Return an exact copy of the entries, skipping any picture you find.
══ INPUT RECORDS
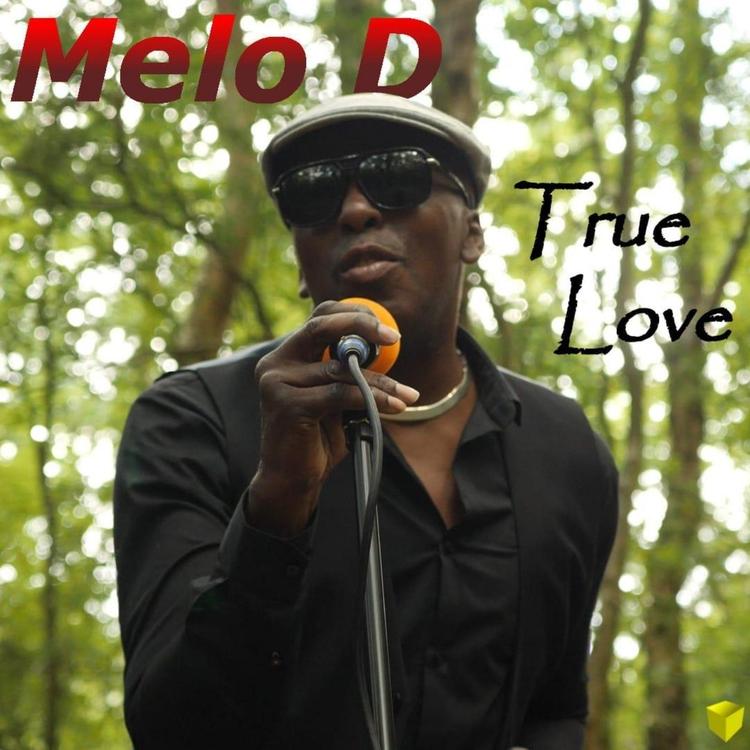 Melo D's avatar image
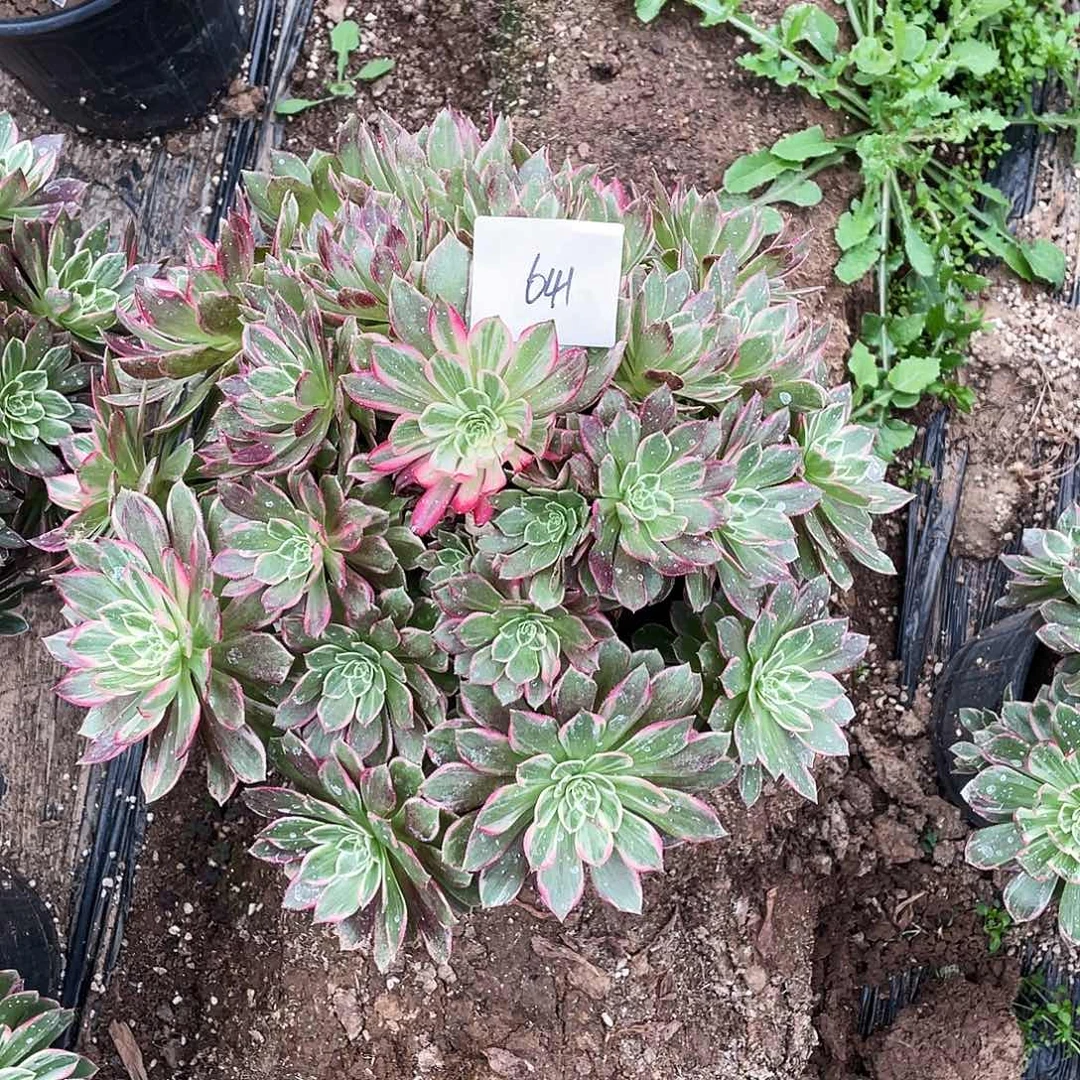 多肉法师641号万花筒发货不包损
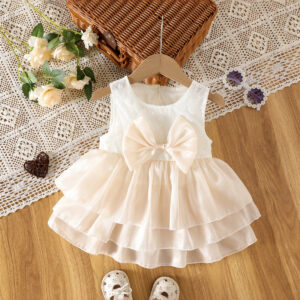 Mesh Patchwork Dress
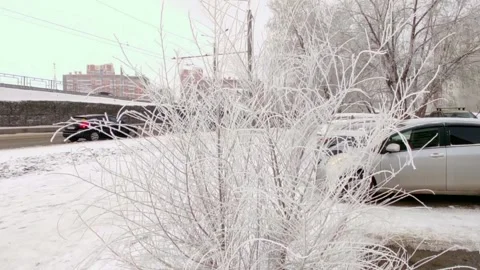 Winter view of the trees in the ice by the road Stock Footage 225862307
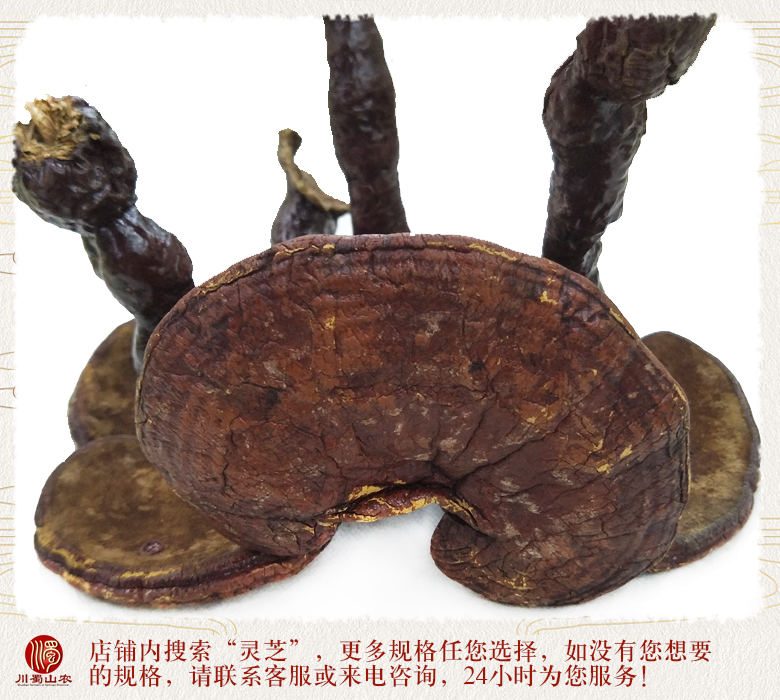 cstcssnhonglingzhixiaogetonghuo012.jpg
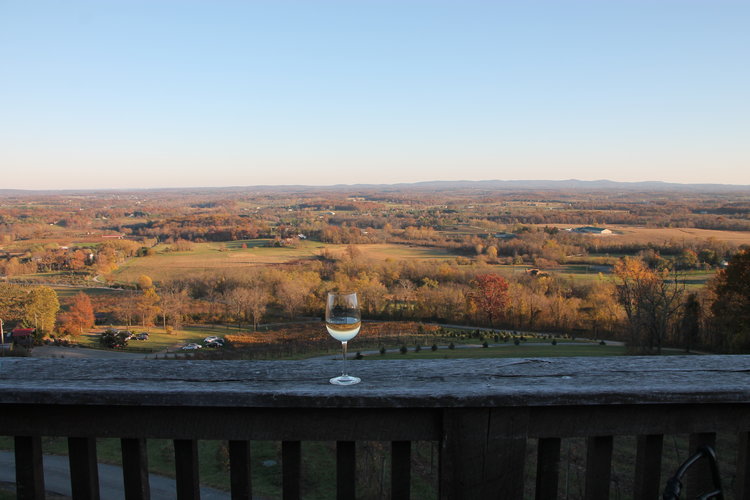 BS Guide to Virginia Wineries logo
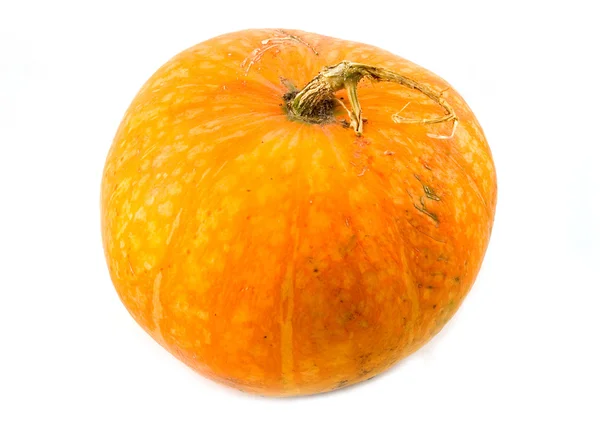 Grande bella e utile zucca arancione — Foto Stock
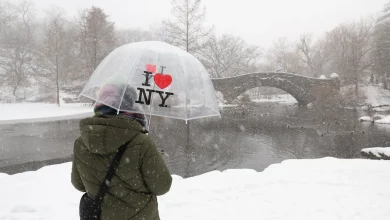 Winter storm update: 2 Upstate NY counties implement travel bans amid snow forecast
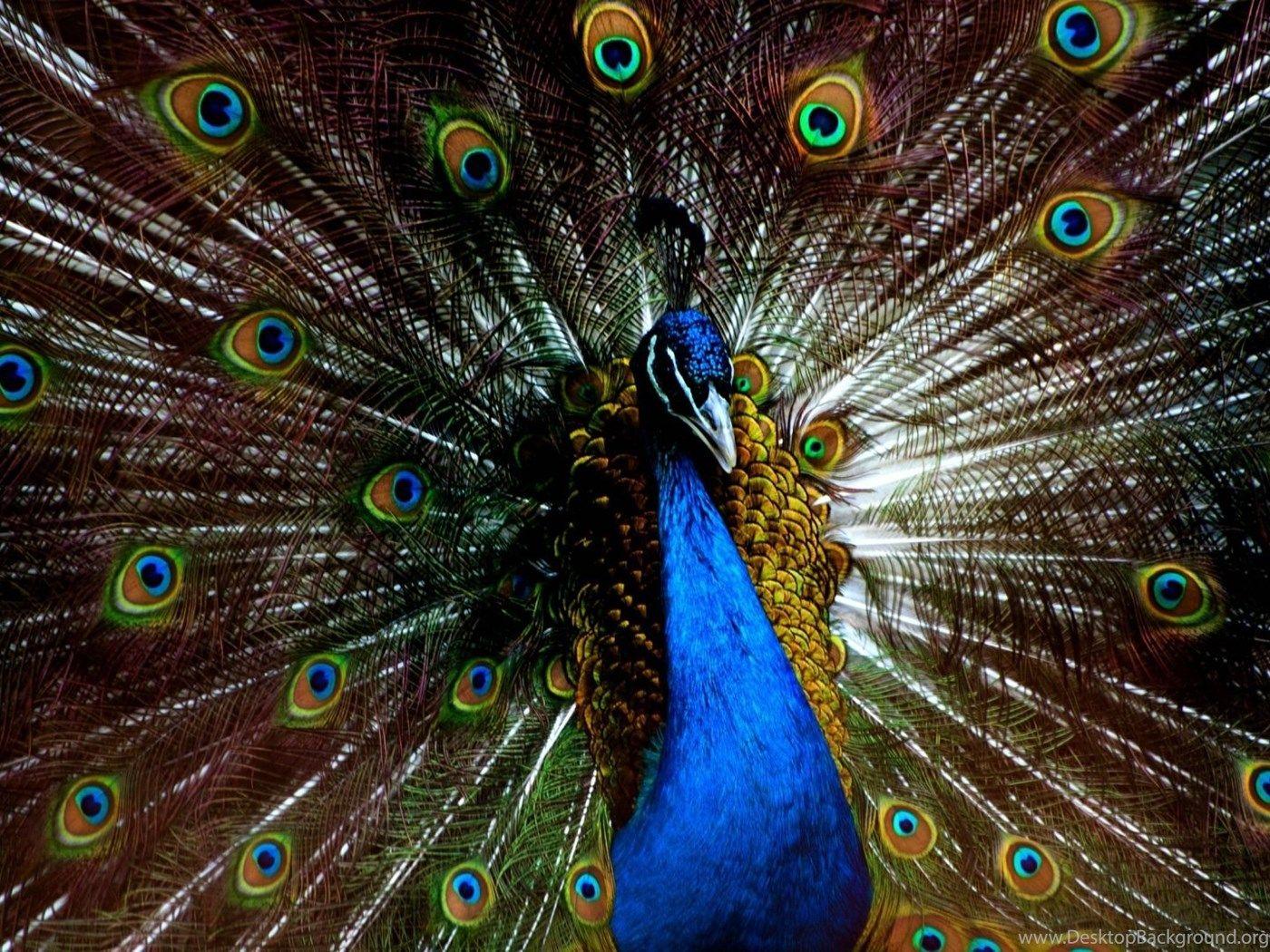 1400x1050 Peacock Feathers Wallpaper HD For Desktop Desktop Background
════
• **SOLUTION**
 Melo D's avatar image
 多肉法师641号万花筒发货不包损
 Mesh Patchwork Dress
 Winter view of the trees in the ice by the road Stock Footage 225862307
 cstcssnhonglingzhixiaogetonghuo012.jpg
 BS Guide to Virginia Wineries logo
 Grande bella e utile zucca arancione — Foto Stock
 Winter storm update: 2 Upstate NY counties implement travel bans amid snow forecast
 1400x1050 Peacock Feathers Wallpaper HD For Desktop Desktop Background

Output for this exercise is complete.